Now that I'm two months into the project, utilizing my Well Manicured Lawn method, I thought that writing up a post on this plan's progress wouldn't be a bad idea. So I wrote a post about it. Wanna read it? Here it goes! (Did anyone get that? Remember that show? Too old?)
Ok, for starters, I borrowed a total of $4,949.
Since monthly minimum payments to Discover are calculated as 2% of the outstanding balance, and since I didn't want to deal with paying this each month out of the Forex account, I figured 2% of $4,949 to be roughly $99. Multiplied by 10, the number of months the plan will run for, one gets $990, so I set this amount aside from the total amount borrowed and I use that to make the minimum payments.

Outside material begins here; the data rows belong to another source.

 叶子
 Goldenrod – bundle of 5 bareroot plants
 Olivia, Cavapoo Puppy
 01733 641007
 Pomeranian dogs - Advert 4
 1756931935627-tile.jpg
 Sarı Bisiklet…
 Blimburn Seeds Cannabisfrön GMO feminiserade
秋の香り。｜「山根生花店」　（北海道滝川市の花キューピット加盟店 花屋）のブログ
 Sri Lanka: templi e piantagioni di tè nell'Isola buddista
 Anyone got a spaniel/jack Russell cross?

I earn a little bit of interest on that sum and it ensures that I can keep the payments current so the 1.9% interest rate will remain (miss a payment and these teaser rates instantly go way up!).Then there's the initial costs involved, the balance transfer fee and the eCheck fee I paid to move the money to my Forex account via PayPal. Together these came to $104 ($99 for the balance transfer, $5 for the eCheck).
Therefore, when all was said and done, I moved a grand total of $3,855 into the Forex sub-account. This is where the project began, with the first goal being the recovery of the balance transfer fee and the eCheck fee. Once the account reached $3,959, capital gains and interest received in excess of this sum became the profits moved into my primary account.
The results so far? Freakin' awesome:
- Total cost (thus far): $117.12
- [Balance transfer fee: $99]
- [eCheck fee: $5]
- [Discover Bank interest charged: $13.12]
- Gross return: $521.72!
- [Forex capital gains and interest: $517.10]
- [ING Direct interest: $4.62]
- Percent return (net): 345.46%!!
Every time I'm tempted to branch out again and get back into stocks and bonds, I look over numbers like these and put those thoughts aside for another day (once my income from this stuff reaches a certain level, then I'll think about diversifying). Forex ROCKS!
** I wrote this the evening of August 3rd (yay scheduled posting!), so the numbers are actually even HIGHER now!
2 comments:
Awesome job man!
I may have to look into using OPM myself! I'm starting some college classes this semester, so maybe I could get some subsidized student loans and throw it in, free money!
Definitely! And that's the best kind of OPM, too, since the interest rate stays low for the life of the loan. You could pay off the loan with interest and capital gains generated from the loan proceeds and come out way ahead in the end.